その姿を見て、アドルフはふらふらと立ち上がる。
「あんたは絶対逃がさないわよー。こいつらより絶対価値あるからね。」
女がアドルフを見て言う。それに対し、男たちはわずかながらに武器を持つ手に力が入る。意地でもアドルフを守ろうというのだろう。
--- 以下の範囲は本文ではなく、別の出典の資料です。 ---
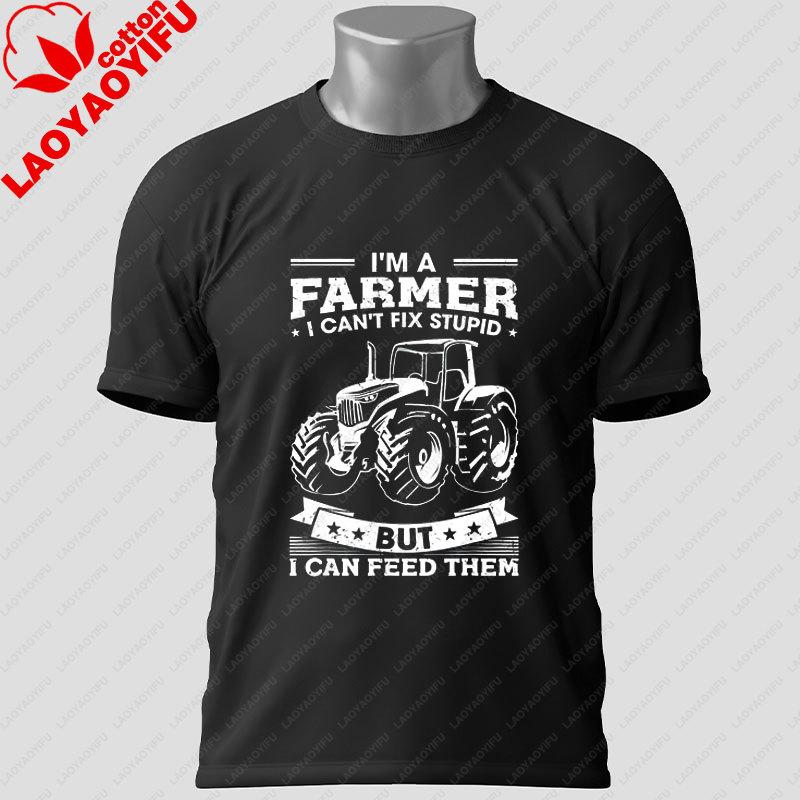 Unisexs Funny GerUnisex Tractor TShirt with Du Fährst SUV 100 Cotton Short Sleeve Casual Humor Style Outdoor Sports Tshirt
「なさけねー…ホントになさけねー…女一人に何もできねえのかよ…」
アドルフはつぶやく。そして足を動かす。女に背を向けて。
「ったくよ。転生とか訳がわからん上に、敵は強すぎ。俺の力はよくわからん。最悪じゃねえか。」
ブツブツとつぶやきながら、歩みを進める。なぜか、その場の全員がその姿を見つめていた。なぜなら、
「クソがァァァァァァァァッ!!!」
ゴン!!!と、アドルフは自らの額で木を打つ。額が切れ血が流れ出す。しかしおかげで、朦朧としていた意識は醒めた。
「本当に情けねえよ、俺。」
アドルフは振り返る。その瞳には、先ほどはなかった光が満ちている。
―なぜなら、その場にいた全員が彼からただならぬ恐怖心を感じ取ったからである。